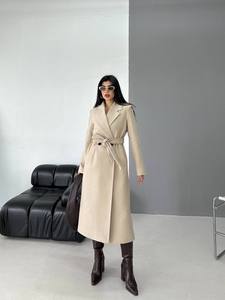 Manteau Trench Décontracté Élégant Beige en Polyester/Coton, Manches Longues, Col Chemise, Ceinturé, Réversible, Coupe-Vent, Idéal pour l'Automne - Product Image 3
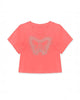 Coral t-shirt with a butterfly design on a white background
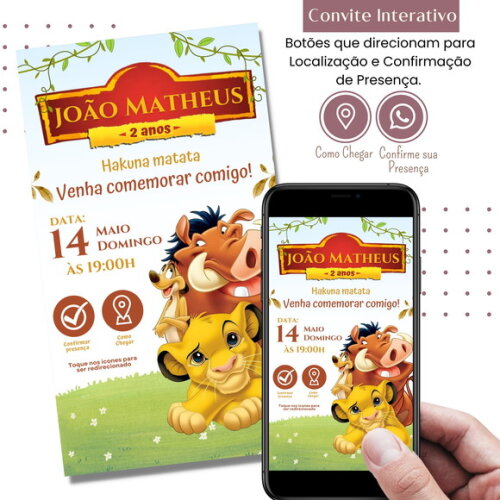Convite Rei Leão Simba Digital Interativo Virtual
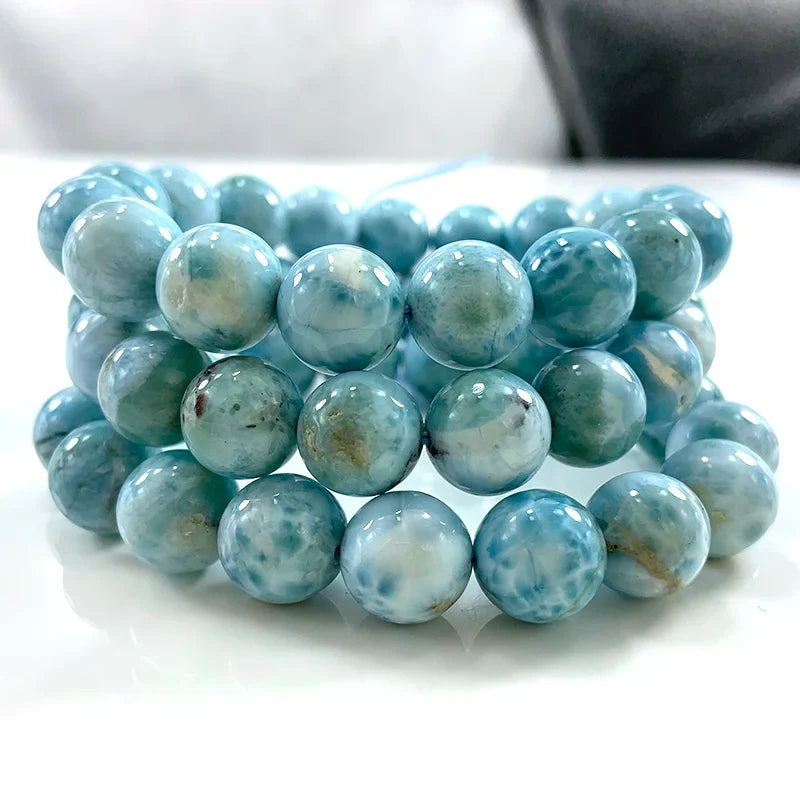 Natural Larimar Stone Beads Women Men Bracelet Round Blue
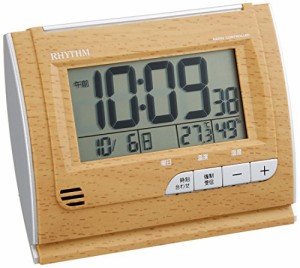 リズム(RHYTHM) 目覚まし時計 電波 デジタル フィットウェーブD165 温度 ・ 湿度 カレンダー 付 茶 (薄茶木目仕上) RHYTHM 8RZ165SR07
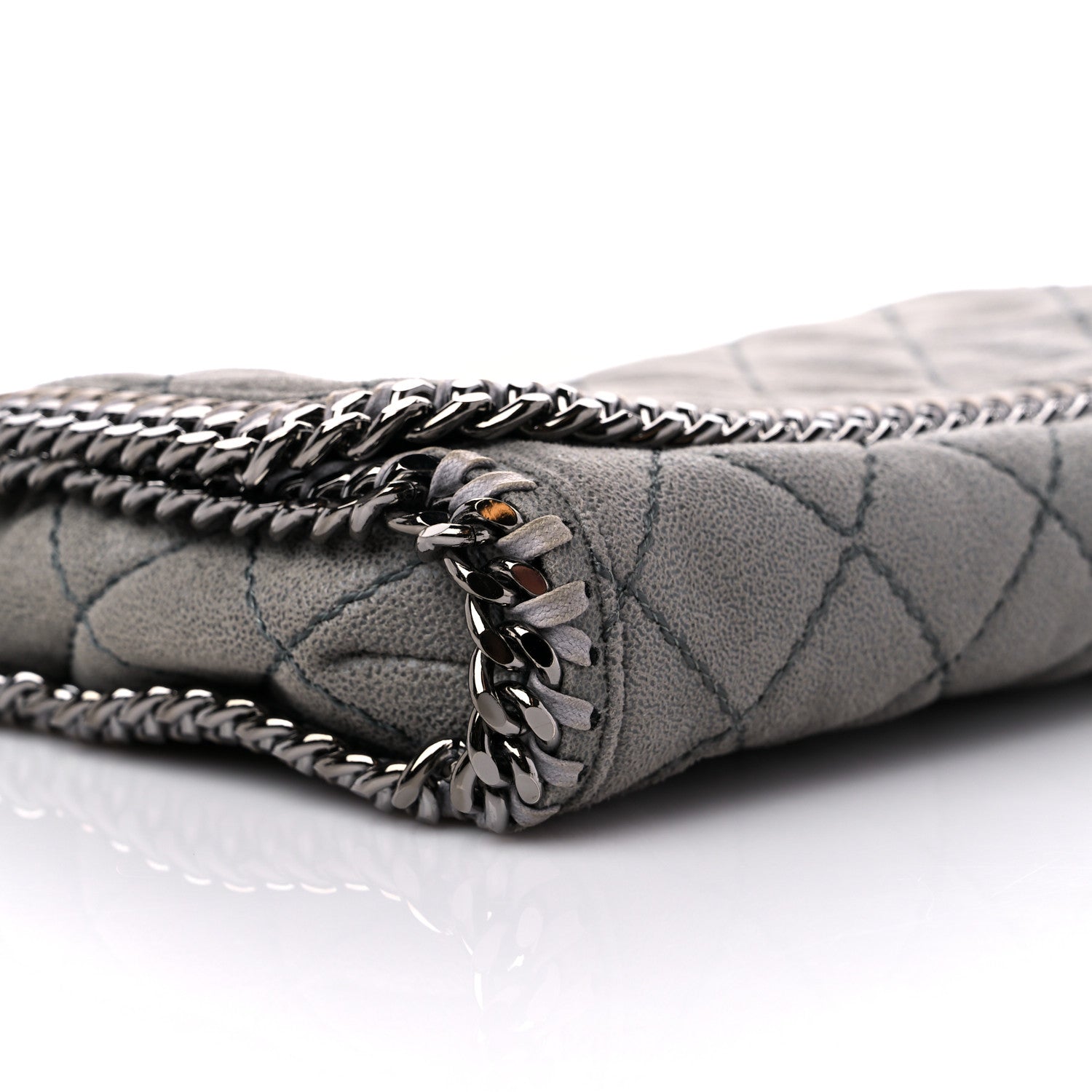 Stella McCartney Shaggy Deer Quilted Falabella Clutch Grey 7 of 8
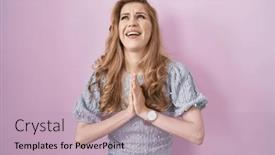  Presentation with hope - Presentation theme featuring beautiful-blonde-woman-standing-over background and a  colored foreground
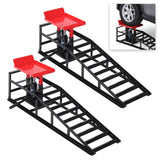 Garvee Hydraulic Car Ramps 2 Pack – 5 Ton/11,000 lbs Capacity – Adjustable Low-Profile Lift 11.6"–16.2" – Heavy Duty, Anti-Slip for Oil Change, Garage Service – Black Shelf + Red Tablet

Activity
The result should be an exact repetition of all the records. Drop the pictures.

Solution to this task
 Manteau Trench Décontracté Élégant Beige en Polyester/Coton, Manches Longues, Col Chemise, Ceinturé, Réversible, Coupe-Vent, Idéal pour l'Automne - Product Image 3
 Coral t-shirt with a butterfly design on a white background
Convite Rei Leão Simba Digital Interativo Virtual
 Natural Larimar Stone Beads Women Men Bracelet Round Blue
 リズム(RHYTHM) 目覚まし時計 電波 デジタル フィットウェーブD165 温度 ・ 湿度 カレンダー 付 茶 (薄茶木目仕上) RHYTHM 8RZ165SR07
 Stella McCartney Shaggy Deer Quilted Falabella Clutch Grey 7 of 8
  Presentation with hope - Presentation theme featuring beautiful-blonde-woman-standing-over background and a  colored foreground
 Garvee Hydraulic Car Ramps 2 Pack – 5 Ton/11,000 lbs Capacity – Adjustable Low-Profile Lift 11.6"–16.2" – Heavy Duty, Anti-Slip for Oil Change, Garage Service – Black Shelf + Red Tablet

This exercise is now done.